The Center for West Visayan Studies (CWVS), the Indigenous People’s Resource Center (IPRC), and the Visayan Studies 101 class held a webinar entitled “Dunang Kinaaram: A Webinar on Indigenous Knowledge, Cultural Identity, and Resource Conservation” last October 19, 2022, from 8:30 to 11:30 in the morning. The webinar was done via zoom and was streamed live on the UP Visayas official Facebook page. The event was initiated in line with the university’s celebration of National Indigenous Peoples Month.
The program was formally opened with a message from UPV Chancellor Dr. Clement C. Camposano, who emphasized the importance of holding overdue honest conversations - conversations that recognize the enduring struggles of IP communities pertaining to their cultural identities and ancestral domains.
This was immediately followed by the first session from resource speaker Mx. Beverly Jaspe of Aklan State University titled “Kinaiya it Kailayahan: The Role of Indigenous Knowledge Systems and Practices (IKSP) of Nabaoynons in Malay, Aklan in Developing Local Climate Change Resiliency.” This session held extensive elaborations on the contributions of Nabaoynons in existing disaster risk reduction and management (DRRM) mechanisms, ranging from their wealth of aquatic resources, myths and superstitions in interacting with the environment in their resource gathering, and their rationalizations of the ongoing disruptions in climate patterns.
The session served as proof that local and indigenous communities, despite being overlooked and excluded in important conversations about climate change solutions, are extremely responsive to environmental changes with their knowledge systems and practices.
The second session, titled “Environment, Culture, and Communities: A Multi-Perspective on Communication,” was given by Dr. Rebecca Tandug Barrios, Vice President for Academic Affairs at Northwestern Visayan Colleges. Her session touched on the Northwest Panay Peninsula Natural Park, and its value to the Panay region, focused on existing struggles facing Indigenous Communities and their practices for environmental conservation.
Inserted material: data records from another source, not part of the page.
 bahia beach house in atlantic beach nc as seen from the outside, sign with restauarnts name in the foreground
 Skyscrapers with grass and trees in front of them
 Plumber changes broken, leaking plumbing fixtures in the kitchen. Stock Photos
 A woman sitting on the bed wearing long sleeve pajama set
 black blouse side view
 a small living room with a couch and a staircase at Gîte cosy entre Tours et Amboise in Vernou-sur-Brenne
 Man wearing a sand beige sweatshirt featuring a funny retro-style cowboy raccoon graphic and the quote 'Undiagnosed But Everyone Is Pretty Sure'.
Issues that trespass their cultural practices, participation in assessments, and community planning were thoroughly tackled.
Furthermore, the realities of IP communities, our environmental frontliners in carrying much of the burdens of environmental conservation, were discussed, and focus was placed on our authentic goals of creating a community that no longer thinks twice about including Indigenous People in tables where decisions are being made.
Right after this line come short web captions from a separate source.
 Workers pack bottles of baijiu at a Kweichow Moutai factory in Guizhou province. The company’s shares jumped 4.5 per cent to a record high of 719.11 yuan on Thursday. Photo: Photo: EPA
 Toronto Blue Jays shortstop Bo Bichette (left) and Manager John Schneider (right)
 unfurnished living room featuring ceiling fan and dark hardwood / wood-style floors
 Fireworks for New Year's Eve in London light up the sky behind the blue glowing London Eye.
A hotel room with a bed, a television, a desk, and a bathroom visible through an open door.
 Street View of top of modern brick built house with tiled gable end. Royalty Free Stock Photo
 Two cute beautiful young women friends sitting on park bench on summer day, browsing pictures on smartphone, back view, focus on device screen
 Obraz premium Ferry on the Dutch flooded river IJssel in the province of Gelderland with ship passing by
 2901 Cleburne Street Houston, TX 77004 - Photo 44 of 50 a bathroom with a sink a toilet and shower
Finally, the last session, titled “Ang Dunong Katutubo sa Paglikha ng Kaalamang Pangkasaysayan para sa Kauswagan,” was delivered by Dr. Vicente Villan, Professor at UP Diliman’s History Department. He shared his wealth of knowledge regarding indigenous knowledge, value systems, beliefs, and concepts and how they can be employed to further our goals of development and prosperity. The significance of this careful analysis of our very own ideas of living, struggling, and learning all point to further enriching our identities and understanding the society we are living in, employing our own perspectives and meaning-making.
Each talk was followed by a question-and-answer forum, where attendees sent their inquiries and manifestations to be entertained by the speakers. Productive exchanges that tap further into indigenous knowledge systems and practices that equip us in our environmental crisis ensued.
Certificates of Appreciation were presented to the three resource speakers, which was then followed by a photo opportunity session. CWVS Director Prof. Frances Anthea Redison delivered her closing remarks and final message. The program ended with the singing of UP Naming Mahal.
Ciania Belle Gloria and Audrey Eurielle Dayata, Political Science majors and students of Visayan Studies, were the hosts of the event.